(Short web captions)
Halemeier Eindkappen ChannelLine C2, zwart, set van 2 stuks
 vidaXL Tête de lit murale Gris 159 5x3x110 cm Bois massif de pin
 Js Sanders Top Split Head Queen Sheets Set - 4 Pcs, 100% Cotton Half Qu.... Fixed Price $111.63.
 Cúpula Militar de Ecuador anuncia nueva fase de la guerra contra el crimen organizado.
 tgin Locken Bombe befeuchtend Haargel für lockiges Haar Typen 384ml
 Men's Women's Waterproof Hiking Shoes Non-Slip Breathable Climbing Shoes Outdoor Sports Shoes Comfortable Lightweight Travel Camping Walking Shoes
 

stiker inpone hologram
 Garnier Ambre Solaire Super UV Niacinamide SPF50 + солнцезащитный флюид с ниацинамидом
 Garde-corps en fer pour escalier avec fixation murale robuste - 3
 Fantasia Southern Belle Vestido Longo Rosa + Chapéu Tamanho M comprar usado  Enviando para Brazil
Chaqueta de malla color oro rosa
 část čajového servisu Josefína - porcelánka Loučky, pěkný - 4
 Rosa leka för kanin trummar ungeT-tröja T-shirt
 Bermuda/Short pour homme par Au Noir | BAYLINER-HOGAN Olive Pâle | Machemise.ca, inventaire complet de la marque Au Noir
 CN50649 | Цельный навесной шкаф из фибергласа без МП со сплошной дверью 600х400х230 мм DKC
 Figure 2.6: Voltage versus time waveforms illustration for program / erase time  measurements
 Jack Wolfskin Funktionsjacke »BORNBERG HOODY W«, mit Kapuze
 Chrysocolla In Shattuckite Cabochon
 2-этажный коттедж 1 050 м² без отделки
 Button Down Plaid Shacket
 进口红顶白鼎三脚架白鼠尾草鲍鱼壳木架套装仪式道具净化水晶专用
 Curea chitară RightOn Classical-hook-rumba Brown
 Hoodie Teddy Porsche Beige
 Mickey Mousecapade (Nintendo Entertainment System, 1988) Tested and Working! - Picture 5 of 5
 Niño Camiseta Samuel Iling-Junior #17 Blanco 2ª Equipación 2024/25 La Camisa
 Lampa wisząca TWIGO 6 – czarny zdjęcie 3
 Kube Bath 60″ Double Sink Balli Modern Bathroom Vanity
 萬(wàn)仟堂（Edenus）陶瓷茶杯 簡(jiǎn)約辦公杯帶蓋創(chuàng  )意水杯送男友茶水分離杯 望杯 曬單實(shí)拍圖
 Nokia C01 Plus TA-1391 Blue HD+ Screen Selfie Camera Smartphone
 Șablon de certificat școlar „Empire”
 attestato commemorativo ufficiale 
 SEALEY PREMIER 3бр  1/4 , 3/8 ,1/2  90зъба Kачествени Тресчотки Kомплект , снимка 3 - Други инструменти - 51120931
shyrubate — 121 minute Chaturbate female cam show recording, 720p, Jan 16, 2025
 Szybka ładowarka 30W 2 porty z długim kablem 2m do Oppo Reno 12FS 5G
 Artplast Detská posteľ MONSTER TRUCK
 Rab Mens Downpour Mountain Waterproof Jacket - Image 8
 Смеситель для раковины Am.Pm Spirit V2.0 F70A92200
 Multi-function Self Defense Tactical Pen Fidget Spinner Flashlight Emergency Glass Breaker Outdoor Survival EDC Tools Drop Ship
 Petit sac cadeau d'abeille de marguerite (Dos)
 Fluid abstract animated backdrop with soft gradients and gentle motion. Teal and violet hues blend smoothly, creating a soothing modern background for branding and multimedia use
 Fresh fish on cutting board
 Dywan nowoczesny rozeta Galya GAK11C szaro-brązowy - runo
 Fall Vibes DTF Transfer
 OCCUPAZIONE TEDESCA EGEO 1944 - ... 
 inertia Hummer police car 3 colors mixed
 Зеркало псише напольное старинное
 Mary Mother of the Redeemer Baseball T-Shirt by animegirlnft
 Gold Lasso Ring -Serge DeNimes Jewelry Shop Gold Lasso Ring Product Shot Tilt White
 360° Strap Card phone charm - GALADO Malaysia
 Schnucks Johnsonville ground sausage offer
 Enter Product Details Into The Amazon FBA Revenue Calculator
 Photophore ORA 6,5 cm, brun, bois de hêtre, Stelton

§ TASK TO CARRY OUT
Look above for the line with "Rab Mens Downpour" and the line with "Fresh fish on cutting board". Write out those two lines and all the lines between them, exactly, and no others.

§ RESPONSE BOX
 Rab Mens Downpour Mountain Waterproof Jacket - Image 8
 Смеситель для раковины Am.Pm Spirit V2.0 F70A92200
 Multi-function Self Defense Tactical Pen Fidget Spinner Flashlight Emergency Glass Breaker Outdoor Survival EDC Tools Drop Ship
 Petit sac cadeau d'abeille de marguerite (Dos)
 Fluid abstract animated backdrop with soft gradients and gentle motion. Teal and violet hues blend smoothly, creating a soothing modern background for branding and multimedia use
 Fresh fish on cutting board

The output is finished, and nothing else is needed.